Checklist for Reviewing Long Papers
- Who is the primary audience, and what publication venue has the author targeted?
- Does the author follow the norms of this audience/venue as appropriate (and ignore them if necessary)?
- Does the author make reasonable assumptions about that audience's knowledge of the subject? Is the content appropriate for the audience? Does the literature review reflect current debates in the field?
- Does the paper have an abstract, if appropriate? Does the abstract reveal the findings as well as the question and methods?
- Does the introduction clearly state the subject and purpose of the paper? Does it motivate interest in the problem? Does it briefly summarize the findings, if appropriate? Does it state the contribution of the paper? Does it provide a roadmap to the rest of the paper?
- Is the literature review designed to lead to this paper's research question, rather than to show that the author has read all the literature?

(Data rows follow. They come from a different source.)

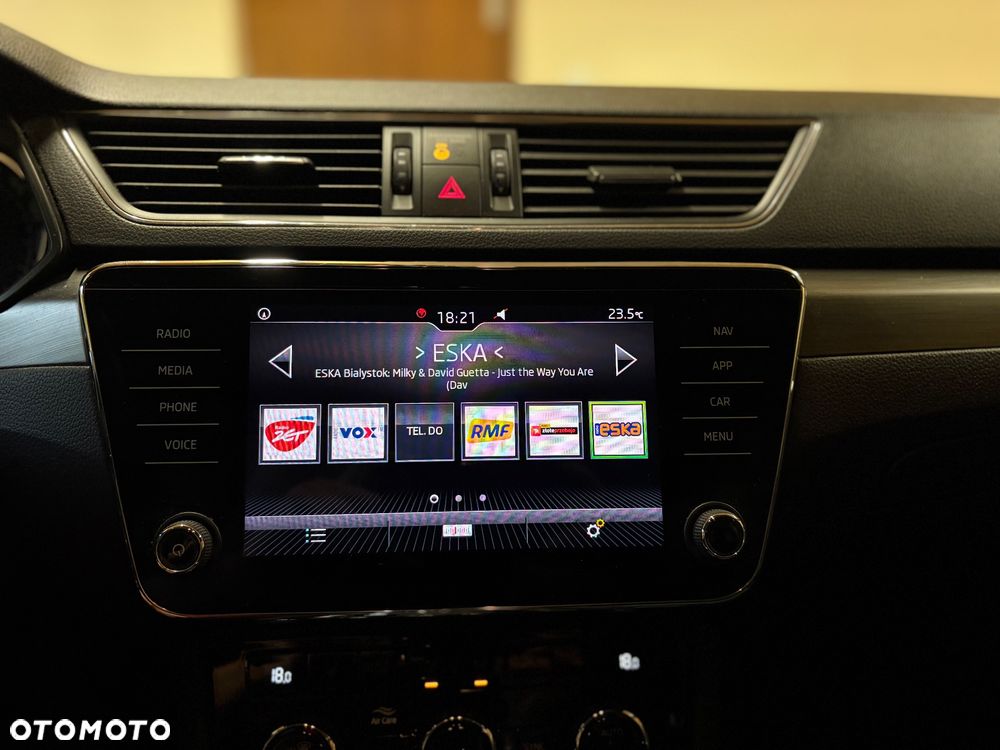 Skoda Superb 1.5 TSI Ambition DSG - 6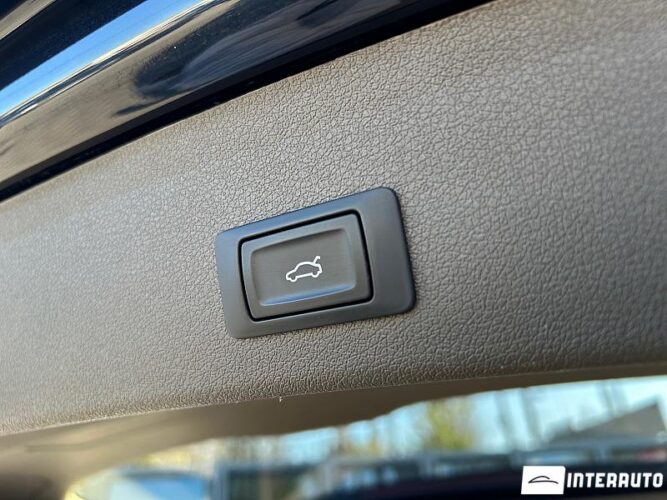 Audi Q5 57 interauto-car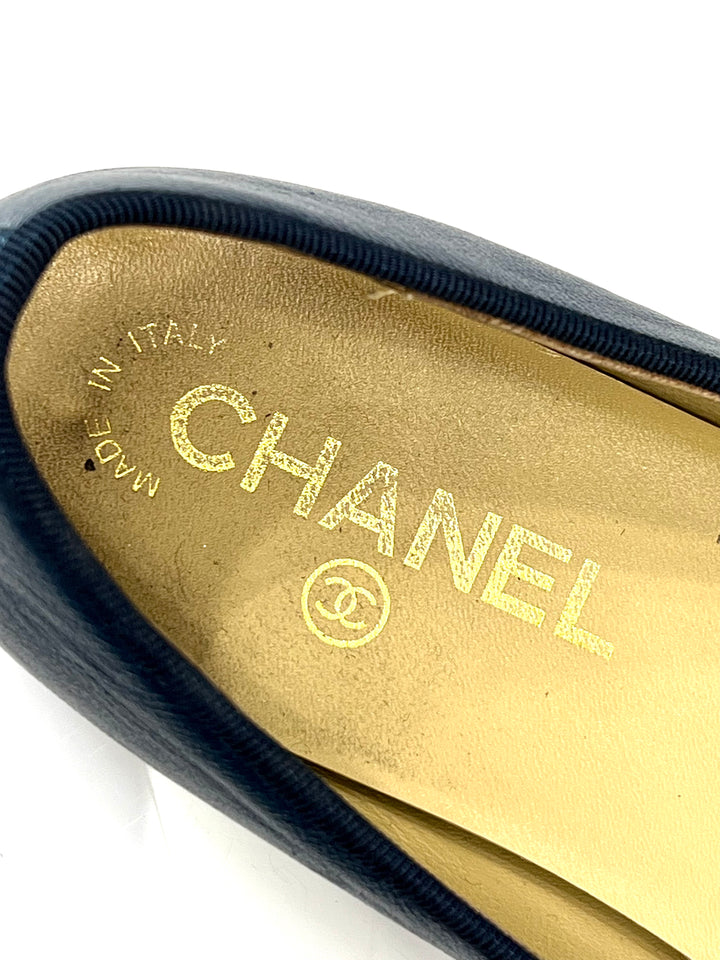 CHANEL CC LEATHER BALLET FLATS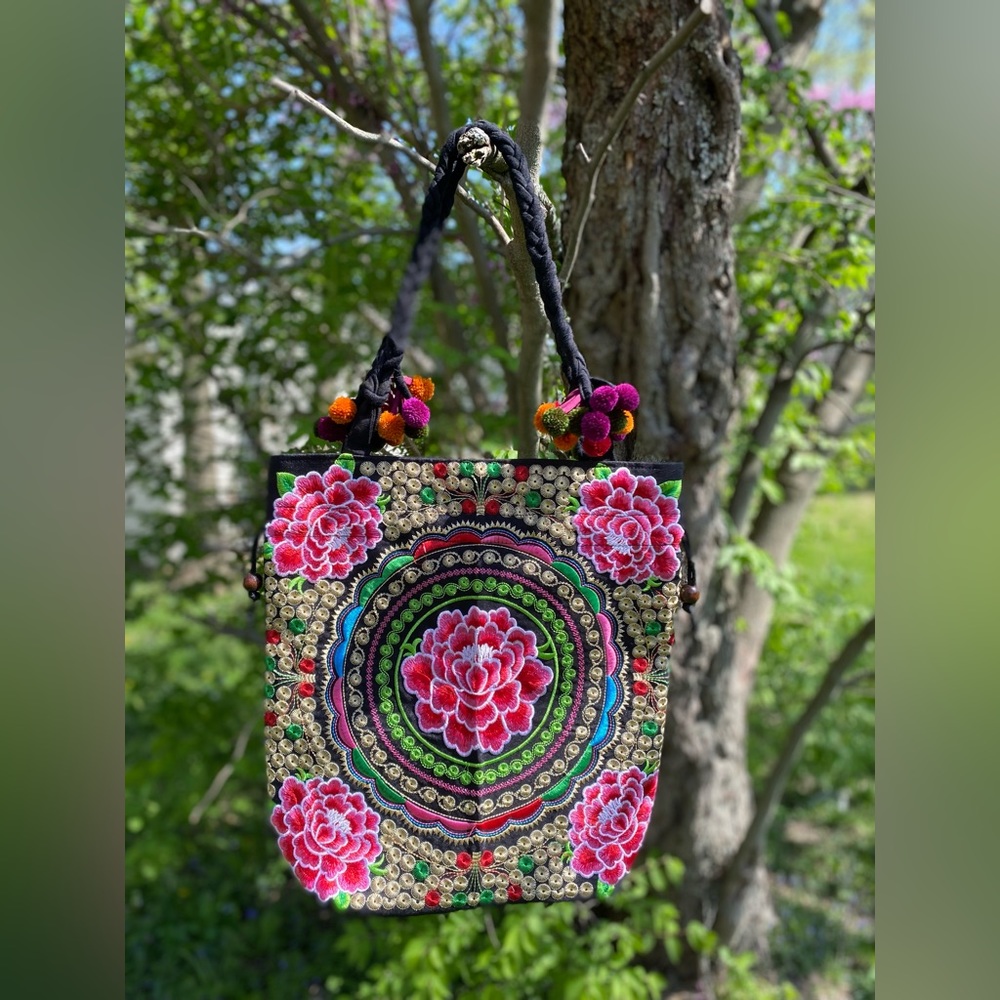 Beautiful Tote HandBag - Picture 2 of 3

- Are the theoretical justifications for the paper laid out clearly and logically? Are the data and methods specified adequately?
- Are the results explained in the text and supplemented by any tables or graphs (with references pointing from the text to the figures)?
- Are discussion sections clearly labeled?
- Does the conclusion restate the paper's contribution?
- Is the paper formatted to make it easy for the audience to see the structure?
Style and Format
- Are sentences clear and grammatically correct? Are they concise and active ("Who is kicking who?")
- Are paragraphs clearly and directly organized, with internal cohesion? Are they appropriate in length? Are paragraph breaks clear visually?
- Do the paragraphs in a section follow logically and clearly on one another? Do sections follow logically and clearly from one another? Are transitions adequate?